• Information provided:
□ □ □ □

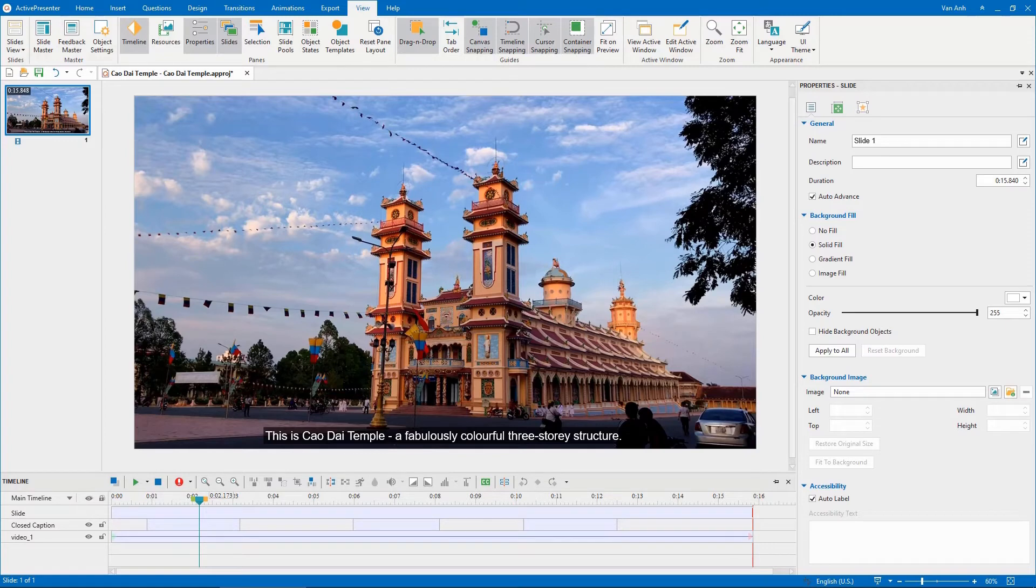In the previous video, you've known how to add closed captions to your projects. Today, let's learn how to convert closed captions to audio using the text-to-speech feature.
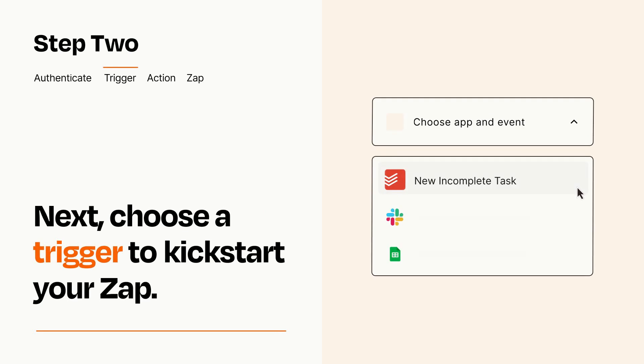Now let's set up your trigger, which is the event that starts your Zap. Pick the trigger event that you want from the list.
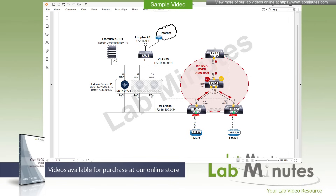We ended that series with VXLAN automation using Python and Ansible. In this video series, we are still on the topic of automation, but in a completely different direction. Instead of do-it-yourself type of automation, we will be looking at Cisco products that can greatly assist with configuration automation without having to develop your own scripts — called Nexus Dashboard Fabric Controller, or NDFC. This series is dedicated to how NDFC can help with configuration and management of your VXLAN Fabric.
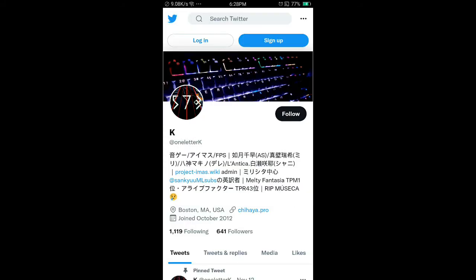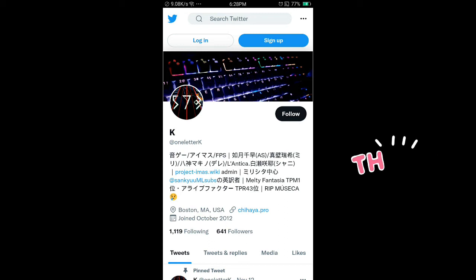Webmaster K is the creator of the new Idolmaster Wiki, and you can find him on Twitter under the account name AniletterK. K, thank you for creating the new Wiki.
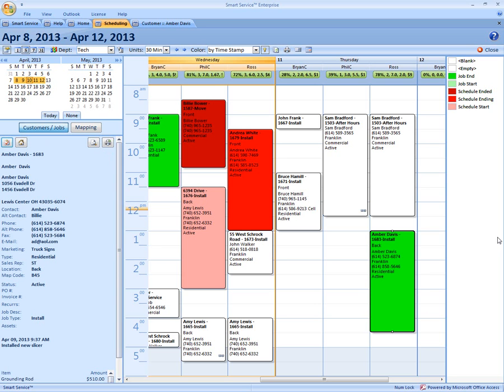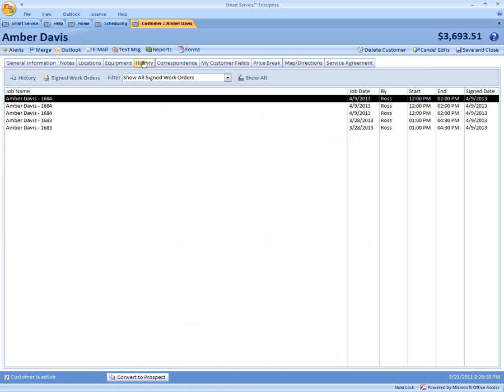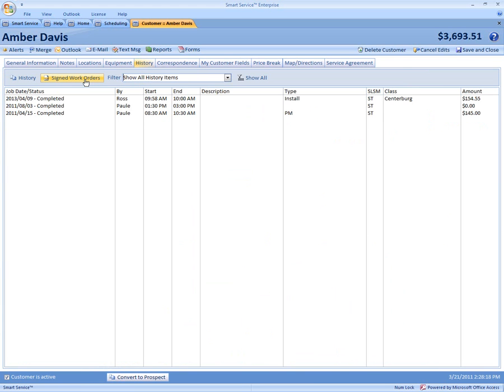Now you can access those by coming into the customer record. From there we can come to the history tab and click on sign work orders.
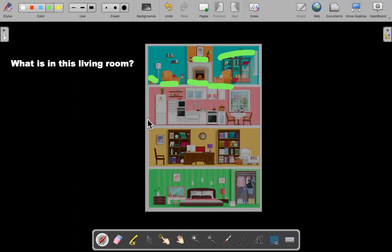In the kitchen: there's a refrigerator, there are two chairs, there is an oven, there is a washing machine, there's a microwave, there are some shelves, and there's a window. There are a lot more singular items here than plural items.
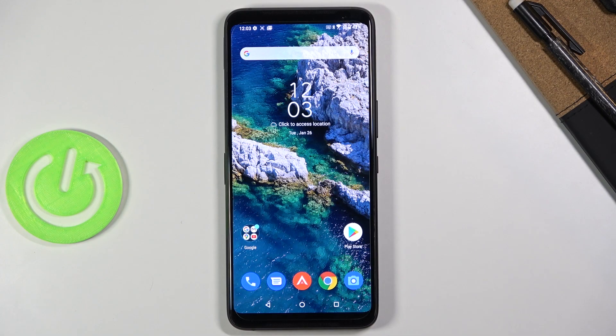Welcome! I'm following an ASUS ROG Phone 3 and today I will show you how to enable the power saving mode.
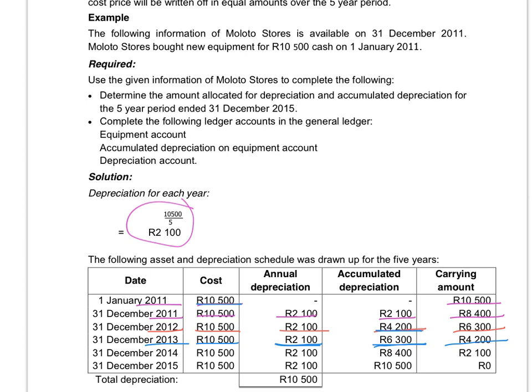We will carry on doing this for the full five-year period. At the end of the five-year period we will have a carrying amount of zero, because then we've written off the total amount of depreciation. That means you can't go on writing off depreciation even if you still use the asset after the five-year period. You can only write off depreciation until you've written off the total cost price of $10,500. If we use this asset in 2016 we will not write off depreciation, because we've already written off the total amount up to the end of 2015.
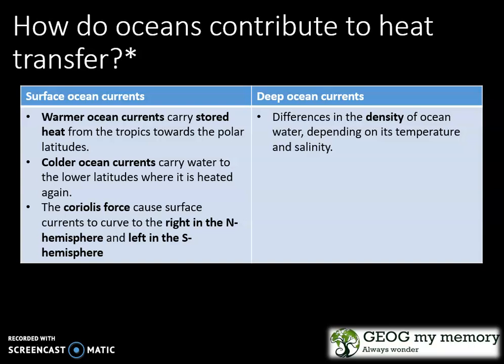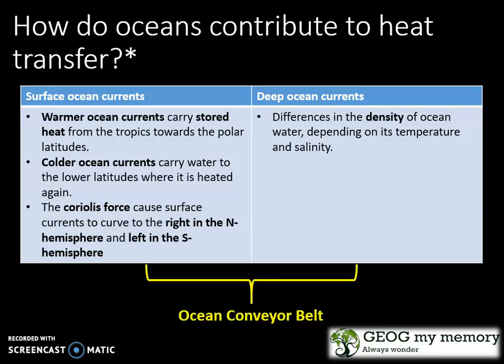But how do oceans contribute to heat transfer? You have your surface ocean currents and your deep ocean currents. For surface ocean currents, warmer ocean currents carry stored heat energy from the tropics towards the polar latitudes. The colder ocean currents carry water to the lower latitudes, where it is eventually heated again. The Coriolis force causes surface currents to curve to the right in the northern hemisphere and left in the southern hemisphere. Your deep ocean currents have differences in the density of ocean water depending on its temperature and salinity. Your surface ocean currents together with your deep ocean currents creates your ocean conveyor belt.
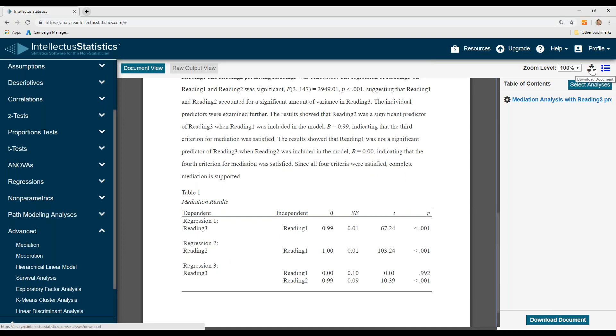To download the document, simply come up here, download the document. And that's how you conduct mediation in Intellectual Statistics.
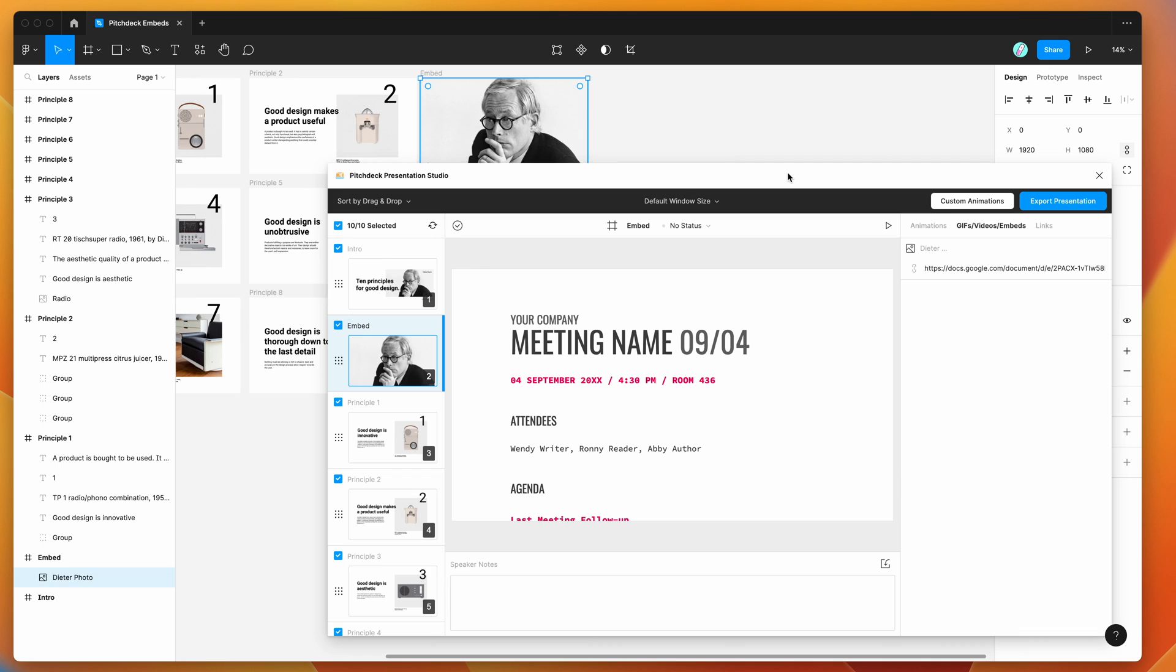I hope that's been helpful. If you've been wanting to embed Google Docs content into a Figma presentation or a presentation you've designed in Figma and uploaded to the Pitch Deck app, I hope this is helpful for you or your team. Thank you as always for watching, and we'll be back soon with more Figma tutorials like this one.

□ □ □ □

• Your goal: Without the pictures, return each entry exactly as given.

• Exercise response:
In the previous video, you've known how to add closed captions to your projects. Today, let's learn how to convert closed captions to audio using the text-to-speech feature.
Now let's set up your trigger, which is the event that starts your Zap. Pick the trigger event that you want from the list.
We ended that series with VXLAN automation using Python and Ansible. In this video series, we are still on the topic of automation, but in a completely different direction. Instead of do-it-yourself type of automation, we will be looking at Cisco products that can greatly assist with configuration automation without having to develop your own scripts — called Nexus Dashboard Fabric Controller, or NDFC. This series is dedicated to how NDFC can help with configuration and management of your VXLAN Fabric.
Webmaster K is the creator of the new Idolmaster Wiki, and you can find him on Twitter under the account name AniletterK. K, thank you for creating the new Wiki.
Now you can access those by coming into the customer record. From there we can come to the history tab and click on sign work orders.
In the kitchen: there's a refrigerator, there are two chairs, there is an oven, there is a washing machine, there's a microwave, there are some shelves, and there's a window. There are a lot more singular items here than plural items.
Welcome! I'm following an ASUS ROG Phone 3 and today I will show you how to enable the power saving mode.
We will carry on doing this for the full five-year period. At the end of the five-year period we will have a carrying amount of zero, because then we've written off the total amount of depreciation. That means you can't go on writing off depreciation even if you still use the asset after the five-year period. You can only write off depreciation until you've written off the total cost price of $10,500. If we use this asset in 2016 we will not write off depreciation, because we've already written off the total amount up to the end of 2015.
But how do oceans contribute to heat transfer? You have your surface ocean currents and your deep ocean currents. For surface ocean currents, warmer ocean currents carry stored heat energy from the tropics towards the polar latitudes. The colder ocean currents carry water to the lower latitudes, where it is eventually heated again. The Coriolis force causes surface currents to curve to the right in the northern hemisphere and left in the southern hemisphere. Your deep ocean currents have differences in the density of ocean water depending on its temperature and salinity. Your surface ocean currents together with your deep ocean currents creates your ocean conveyor belt.
To download the document, simply come up here, download the document. And that's how you conduct mediation in Intellectual Statistics.
I hope that's been helpful. If you've been wanting to embed Google Docs content into a Figma presentation or a presentation you've designed in Figma and uploaded to the Pitch Deck app, I hope this is helpful for you or your team. Thank you as always for watching, and we'll be back soon with more Figma tutorials like this one.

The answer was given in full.